Expression of N‑Terminal Cysteine Aβ42 and Conjugation to Generate Fluorescent and Biotinylated Aβ42
journal contributionposted on 01.04.2021, 23:54 by Sheng Zhang, Gretchen Guaglianone, Michael A. Morris, Stan Yoo, William J. Howitz, Li Xing, Jian-Guo Zheng, Hannah Jusuf, Grace Huizar, Jonathan Lin, Adam G. Kreutzer, James S. Nowick
Fluorescent derivatives of the β-amyloid peptides (Aβ) are valuable tools for studying the interactions of Aβ with cells. Facile access to labeled expressed Aβ offers the promise of Aβ with greater sequence and stereochemical integrity, without impurities from amino acid deletion and epimerization. Here, we report methods for the expression of Aβ42 with an N-terminal cysteine residue, Aβ(C1–42), and its conjugation to generate Aβ42 bearing fluorophores or biotin. The methods rely on the hitherto unrecognized observation that expression of the Aβ(MC1–42) gene yields the Aβ(C1–42) peptide, because the N-terminal methionine is endogenously excised by Escherichia coli. Conjugation of Aβ(C1–42) with maleimide-functionalized fluorophores or biotin affords the N-terminally labeled Aβ42. The expression affords ∼14 mg of N-terminal cysteine Aβ from 1 L of bacterial culture. Subsequent conjugation affords ∼3 mg of labeled Aβ from 1 L of bacterial culture with minimal cost for labeling reagents.
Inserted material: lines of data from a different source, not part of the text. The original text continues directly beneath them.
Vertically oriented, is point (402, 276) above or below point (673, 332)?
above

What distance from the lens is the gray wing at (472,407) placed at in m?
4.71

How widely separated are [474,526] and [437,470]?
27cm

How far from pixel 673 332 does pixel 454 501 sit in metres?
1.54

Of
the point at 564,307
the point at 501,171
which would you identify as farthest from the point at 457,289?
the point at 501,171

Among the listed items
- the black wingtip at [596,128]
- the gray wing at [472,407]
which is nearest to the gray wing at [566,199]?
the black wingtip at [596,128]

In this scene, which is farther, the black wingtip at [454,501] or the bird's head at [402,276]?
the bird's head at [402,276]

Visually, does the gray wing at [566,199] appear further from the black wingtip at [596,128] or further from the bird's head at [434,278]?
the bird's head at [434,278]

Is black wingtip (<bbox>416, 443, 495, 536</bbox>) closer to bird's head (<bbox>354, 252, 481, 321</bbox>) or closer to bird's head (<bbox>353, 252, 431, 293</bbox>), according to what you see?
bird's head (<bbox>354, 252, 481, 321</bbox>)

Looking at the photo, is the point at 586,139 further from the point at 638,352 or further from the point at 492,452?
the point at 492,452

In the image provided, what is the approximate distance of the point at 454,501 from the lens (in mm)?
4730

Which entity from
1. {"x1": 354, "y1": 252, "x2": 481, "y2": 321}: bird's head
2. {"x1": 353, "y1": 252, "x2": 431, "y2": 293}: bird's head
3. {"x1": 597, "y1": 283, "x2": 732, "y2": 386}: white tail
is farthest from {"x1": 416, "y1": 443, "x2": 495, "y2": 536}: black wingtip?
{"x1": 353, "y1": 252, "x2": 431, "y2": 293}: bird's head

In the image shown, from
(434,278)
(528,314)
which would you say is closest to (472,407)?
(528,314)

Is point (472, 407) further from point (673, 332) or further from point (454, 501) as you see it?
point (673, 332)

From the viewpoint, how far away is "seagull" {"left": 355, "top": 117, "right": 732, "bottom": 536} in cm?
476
High-performance liquid chromatography analysis indicates the N-terminal cysteine Aβ to be >97% pure and labeled Aβ peptides to be 94–97% pure. Biophysical studies show that the labeled Aβ peptides behave like unlabeled Aβ and suggest that labeling of the N-terminus does not substantially alter the properties of the Aβ. We further demonstrate applications of the fluorophore-labeled Aβ peptides by using fluorescence microscopy to visualize their interactions with mammalian cells and bacteria. We anticipate that these methods will provide researchers convenient access to useful N-terminally labeled Aβ, as well as Aβ with an N-terminal cysteine that enables further functionalization.